▼

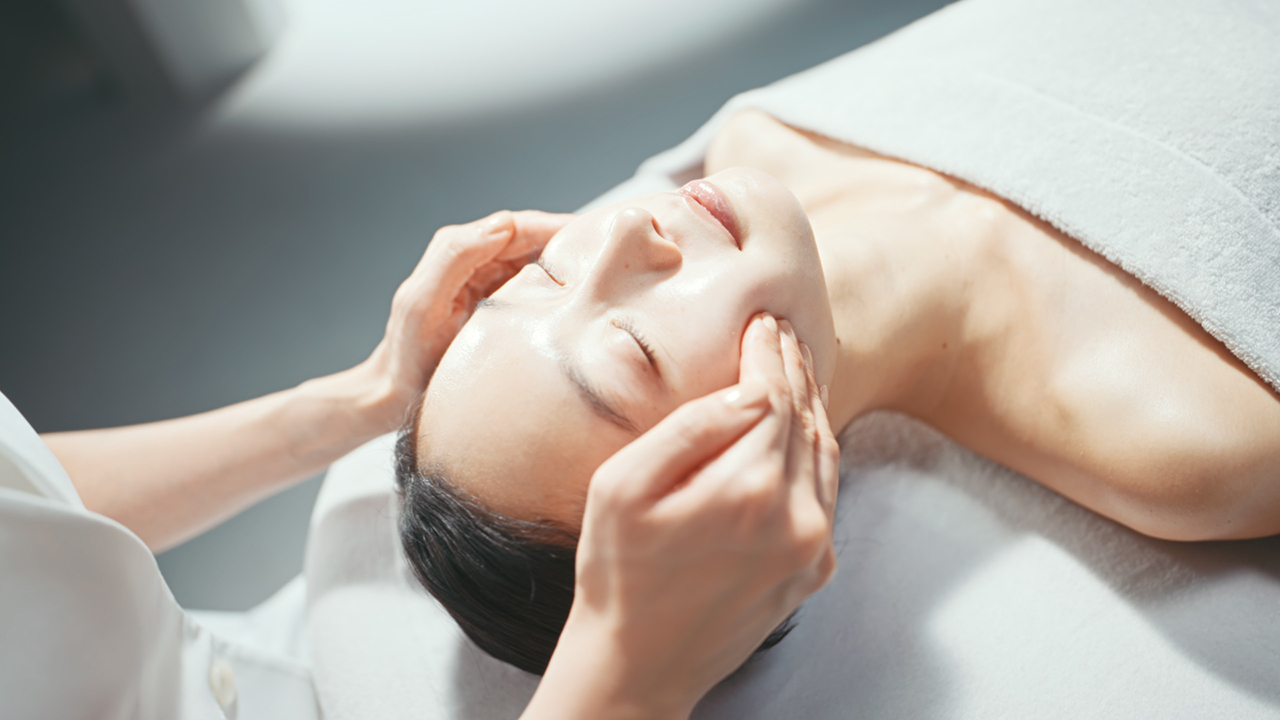 顔を上げる」手技。ポーラのエステから。 | ポーラ公式 エイジングケア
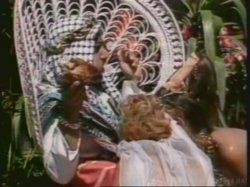 Captura de 'Hilarious Scenes Of Classic Porn' nº 34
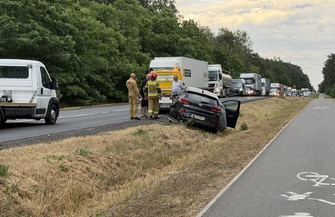 Kabriolet zderzył się z osobówką na DK 12. Pasażerką jednego z aut była zakonnica. Duże utrudnienia na trasie Piotrków - Sulejów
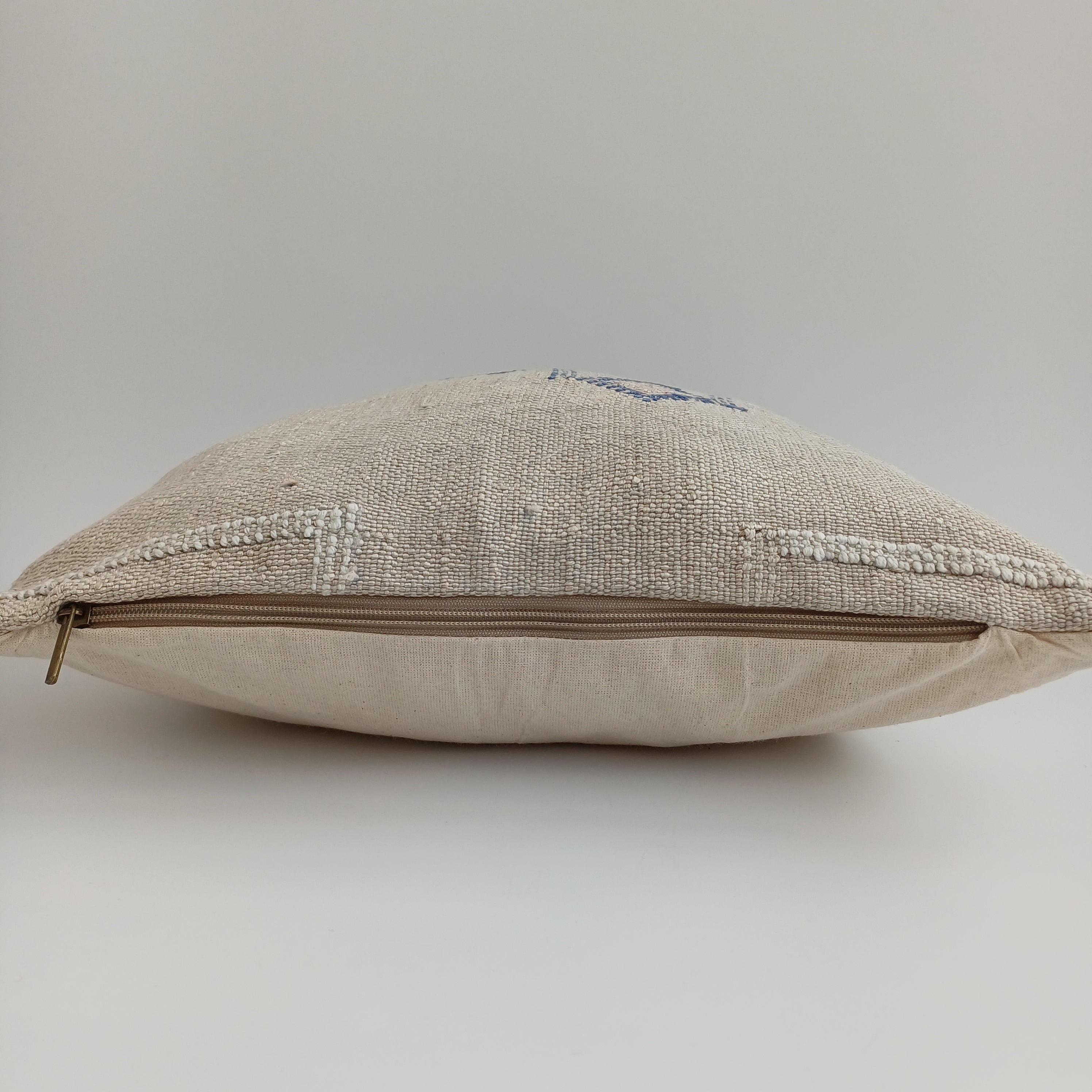 Moroccan Handmade Oatmeal Cactus Silk Cushion Cover 16''x16'' / 40x40 CM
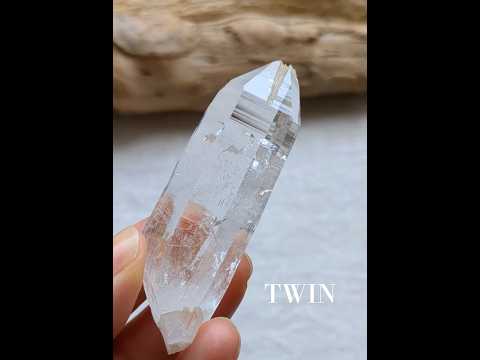 ヒマラヤ水晶　双晶の渦　インド・クル地区産　33ｇ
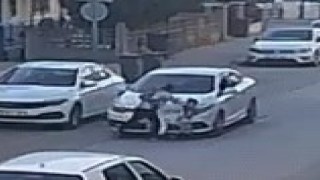 Bursada otomobilin çarptığı anne ve oğlu yaralandı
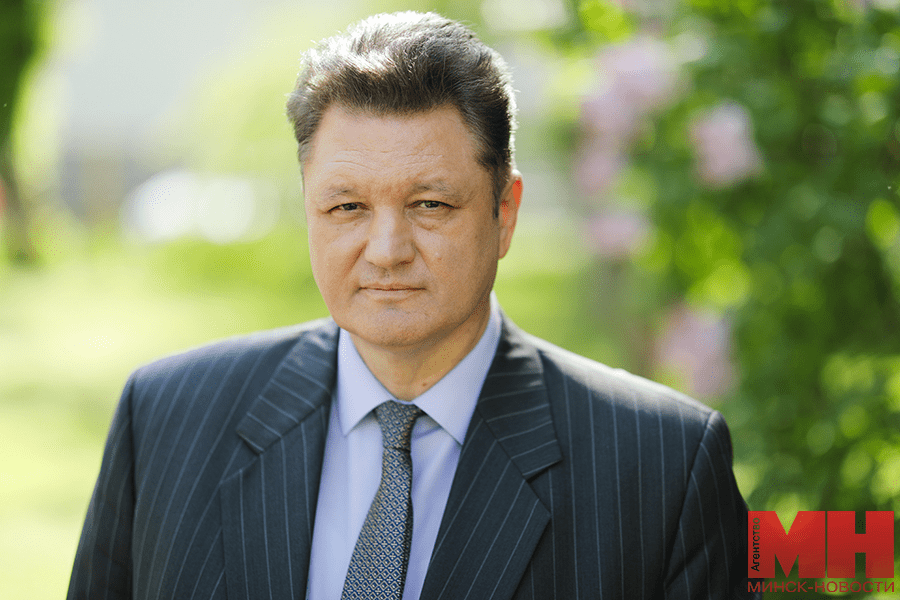 Авторский взгляд Вадима Елфимова: дипломатия из подвалов Авторский взгляд Вадима Елфимова: дипломатия из подвалов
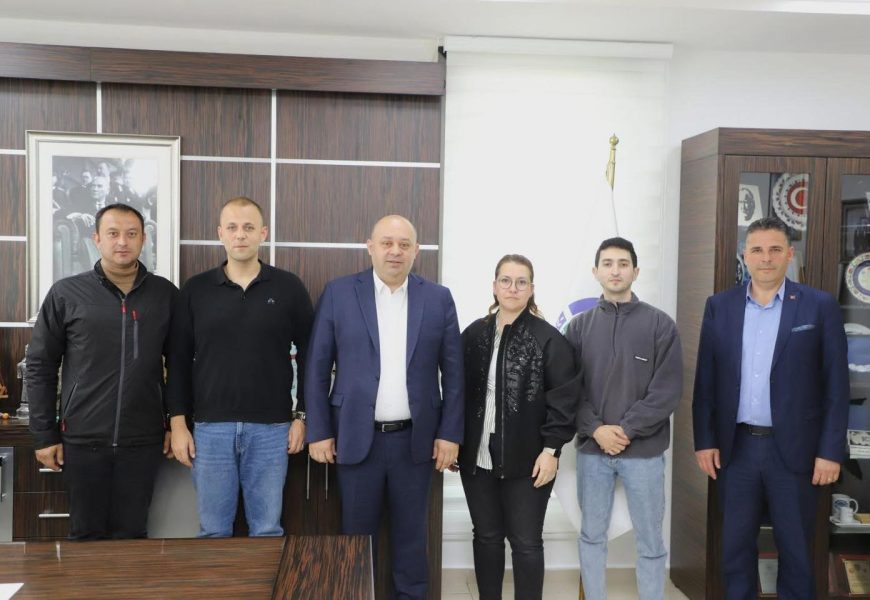 Gönen’de Haşere ve Sivrisinekle Mücadele Devam Ediyor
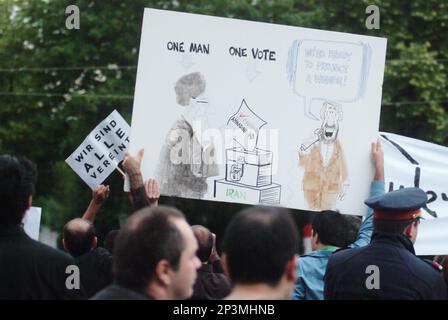 Wien, Österreich. 21. Juni 2009. Anti-Iran-Demonstration vor dem Parlament in Wien Stockfoto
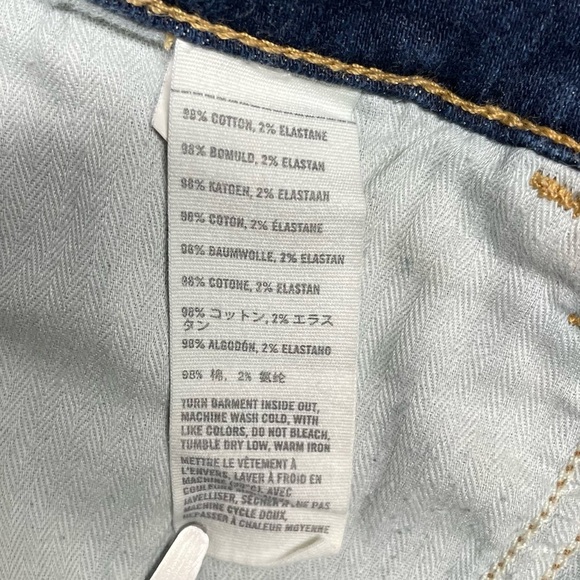 Abercrombie & Fitch 30 Frayed Low-Rise Perfect Stretch Jean Short Flap Pockets - Picture 4 of 8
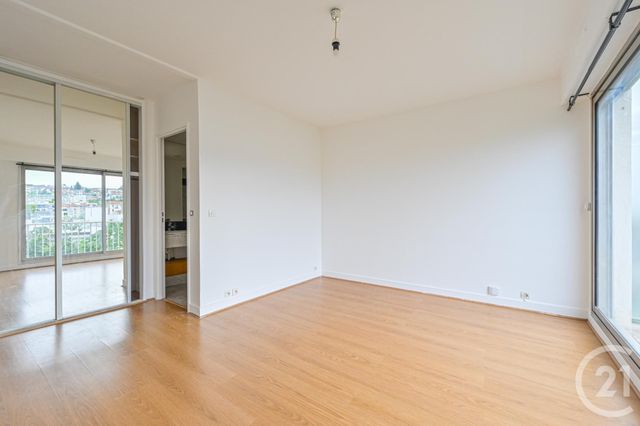 Appartement a louer suresnes - 1 pièce(s) - 34 m2 - Surfyn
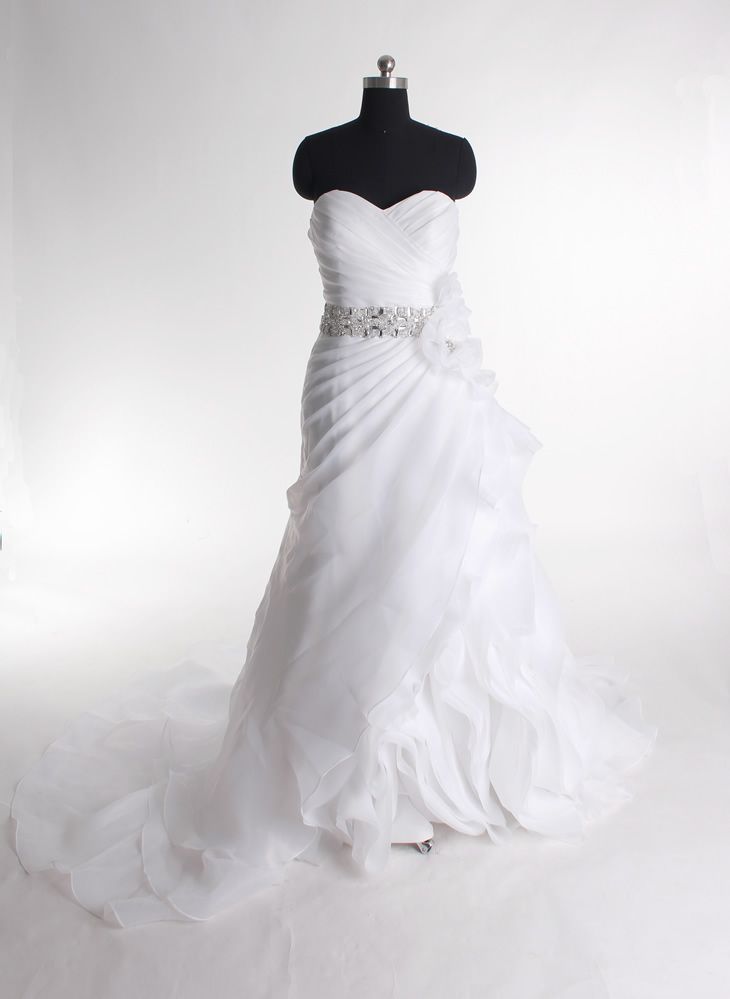 Gorgeous Sweetheart A-line Chapel Train bridal gowns
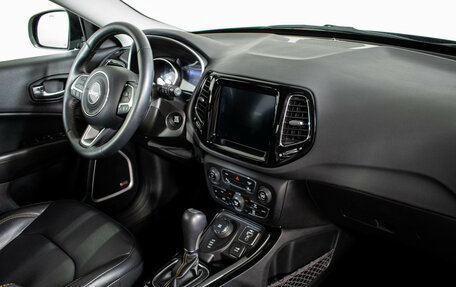 Jeep Compass II, 2019 год, 2 615 000 рублей, 10 фотография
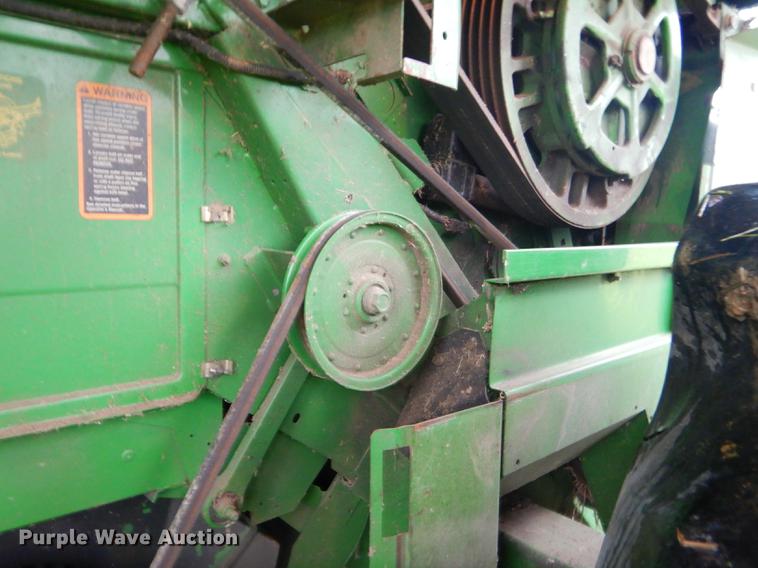 image for item ED9277 2000 John Deere 9650 Walker combine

▲

• _GOAL OF THE EXERCISE_
Output the records verbatim without pictures.

• _WRITTEN REPLY_
 顔を上げる」手技。ポーラのエステから。 | ポーラ公式 エイジングケア
 Captura de 'Hilarious Scenes Of Classic Porn' nº 34
 Kabriolet zderzył się z osobówką na DK 12. Pasażerką jednego z aut była zakonnica. Duże utrudnienia na trasie Piotrków - Sulejów
 Moroccan Handmade Oatmeal Cactus Silk Cushion Cover 16''x16'' / 40x40 CM
 ヒマラヤ水晶　双晶の渦　インド・クル地区産　33ｇ
 Bursada otomobilin çarptığı anne ve oğlu yaralandı
 Авторский взгляд Вадима Елфимова: дипломатия из подвалов Авторский взгляд Вадима Елфимова: дипломатия из подвалов
 Gönen’de Haşere ve Sivrisinekle Mücadele Devam Ediyor
 Wien, Österreich. 21. Juni 2009. Anti-Iran-Demonstration vor dem Parlament in Wien Stockfoto
 Abercrombie & Fitch 30 Frayed Low-Rise Perfect Stretch Jean Short Flap Pockets - Picture 4 of 8
 Appartement a louer suresnes - 1 pièce(s) - 34 m2 - Surfyn
 Gorgeous Sweetheart A-line Chapel Train bridal gowns
 Jeep Compass II, 2019 год, 2 615 000 рублей, 10 фотография
 image for item ED9277 2000 John Deere 9650 Walker combine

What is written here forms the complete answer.